Il n'y a donc pas d'exception religieuse à faire au droit commun.  Poser que les convictions religieuses ne relèvent que de la sphère privée, à moins qu'elles ne menacent ou ne contreviennent au droit commun, aux droits fondamentaux de celles et ceux qui ne les partagent pas, ou à l'ordre public, c'est donc faire, légitimement, des convictions religieuses une forme parmi d'autres des convictions culturelles. Rien de plus, rien de moins. Et c'est un bon point de départ. Reste la ligne d'arrivée : le problème n'est pas posé par les convictions religieuses (elles sont intérieures aux personnes) mais par leur expression publique. Et les critères de référence ne peuvent être que les mêmes que ceux qui s'appliquent aux convictions politiques ou philosophiques : la liberté d'expression, la liberté d'association, la liberté de manifestation, le respect du droit commun -sauf à faire des religions une catégorie à part, ce qu'elles sont d'ailleurs les premières à revendiquer. Mais certainement pas les premières à mériter. Donner à l'Etat la tâche, et donc le droit, de définir ce qui est une organisation religieuse et ce qui ne l'est pas, et de distinguer d'entre les religions celles qui seraient reconnues par l'Etat (et qui pourraient lui demander de prélever pour elles leur denier du culte) de celles qui ne le seraient pas,  est évidemment en contradiction absolue avec la laïcité.

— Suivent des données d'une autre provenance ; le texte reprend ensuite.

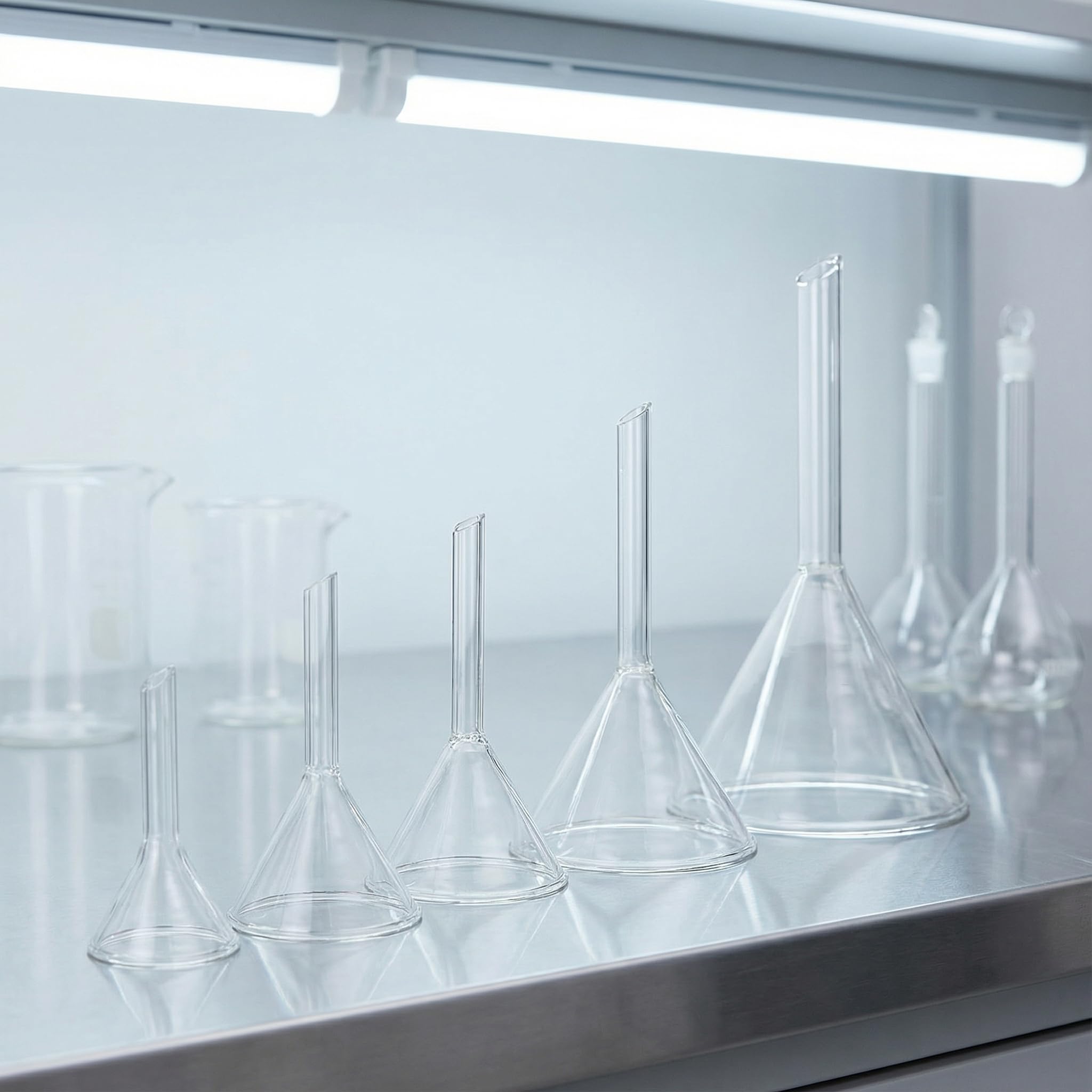 VILLCASE 5 Stück Labor Trichter, Glastrichter, Transparent Borosilikat Glas Mini Trichter, 30mm, 40mm, 50mm, 60mm, 75mm Durchmesser, Ideal für Chemie Experimente und Flüssigkeiten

Le président du PDC suisse, Gerhard Pfister, veut une "loi pour encadrer les religions". S'il s'agit d'imposer le respect du Droit (positif) à toute pensée qui voudrait y substituer son propre droit, alors ce ne sont plus les religions en tant que telles qu'il faut encadrer, mais précisément toutes ces pensées, idéologies, philosophies menaçantes pour les libertés... Et encore faudrait-il pour cela accorder à l'Etat, fût-il démocratique et de Droit, une confiance qu'il ne mérite pas. Comme disait Martin Buber, "l'Etat est un Golem" (l'Eglise aussi, d'ailleurs), et on n'a pas à faire confiance à un Golem : la créature qu'on a façonnée de boue et à qui on a donné une âme en lui collant un verset biblique sur le front pour qu'elle nous protège finit toujours par devenir elle-même un danger.